At this weary juncture of history, when we’re stuck between remembering the sins of our fathers in sending American boys to die in Vietnam and experiencing the déjà vu of watching it all over again in Iraq, you might think that an almost through-sung portrait of the life of a protesting flower child contrasted with that of the guys who went off to fight would be redundant. It’s true that the Andrew Lippa/Tom Greenwald mini-musical John & Jen can’t shake some aspects of a generic revisiting; nonetheless, the show’s area premiere at Stoneham Theatre is so well served by its pair of simpático actors/singers that it’s worth the trip up Route 93.

Winner of a 2004 Elliot Norton Award for Outstanding Actress, Leigh Barrett takes us through Jen’s life from the birth of her baby brother to a 360-degree turn in personality when she leaves home during the 1960s, then on to her transformation as a single mother with a son. Eric Rubbe plays brother John in act one and son John in act two, the portrayals separated by an intermission and a change in attitude.

Barrett, who’s made memorable appearances in many local musicals, including A Little Night Music at the Lyric Stage Company and Passion at Speakeasy Stage Company, outdoes herself here. On stage for almost the entire show, she matures before your eyes, sans stage tricks like pretending to be a little girl by skipping or cutesy gestures, and she avoids the tragic posture of a woman alone when the boys grow up and leave her. Her full-bodied voice is well able to soar over the volume of the small-but-loud orchestra while exploding the emotional land mines embedded in the character’s journey from self-involvement to self-knowledge. Which is all the more remarkable because the often pedestrian lyrics offer insufficient support.

Rubbe is charming as the pair of young rebels, making the tracks of his Johns’ close but complex relationships with Jen more than familiar to anyone who’s had siblings or experienced parent-child confrontations. Director Scott Edmiston has staged the quick-moving action in economical fashion, keeping the progression of events simple and clear, to give the actors room — and permission — to expand.

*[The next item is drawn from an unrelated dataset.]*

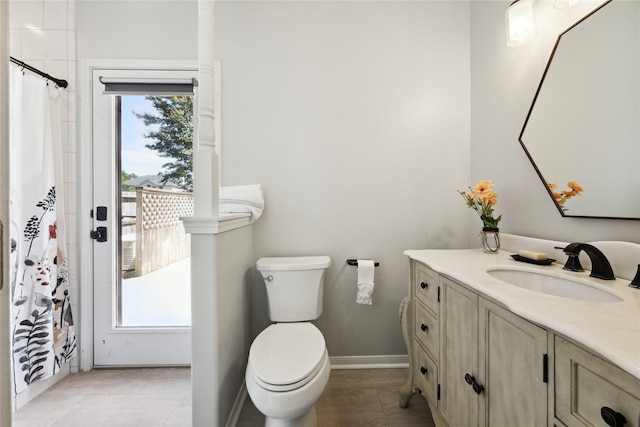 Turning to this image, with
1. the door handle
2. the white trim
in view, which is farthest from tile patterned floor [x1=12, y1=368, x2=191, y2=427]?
the door handle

Although either half of John & Jen could stand as a one-act, a connection is forged by Jen’s love for and protective attitude toward her brother and her son. It’s clear that her father and her husband (or the father of her child, we’re not told which) have been more-negative presences. This makes the work by Wild Party composer Lippa and Greenwald a refreshing oddity in American musical theater, where the plot generally turns on the arc of a romantic love affair. The press kit explains that the show began life as a 10-minute musical before being expanded to one act and then to two.

A three-man orchestra directed by Timothy Evans is visible at the rear of the stage, and Janie E. Howland’s set, lit by Karen Perlow, supplies a rudimentary living room backed by a series of photographs mounted on the wall and projections of changing images. That’s the company and the décor. The singing, dancing legions of Miss Saigon, replete with on-stage helicopter landing, this isn’t. All the same, I wonder why the projections were necessary, since most of them echo the mounted photos, and the blue-sky image at the end only ramps up the sentimentality that occasionally threatens to swamp the proceedings.

Lippa’s score and Greenwald’s book are based on the Stephen Sondheim model of mostly recitative cut by a few breaks into specific song styling or soaring melody. Barrett does her best to vary the pace by making "Santa Isn’t Coming Tonight" into a lullaby of sorts; Rubbe is fine and funny in "I Hate Her/I Hate Him," the chronic family battle cry. There’s also a hip-swinging reference to Hair for a Barrett dressed in leather vest, beads, and a long-stringy-haired wig. Lippa and Greenwald make clever use of the mechanism of the reprise to acknowledge the repeated turns of the life cycle from act one to act two. The composer and librettist establish the outlines; Barrett and Rubbe elevate their work into a theatrical story worth retelling.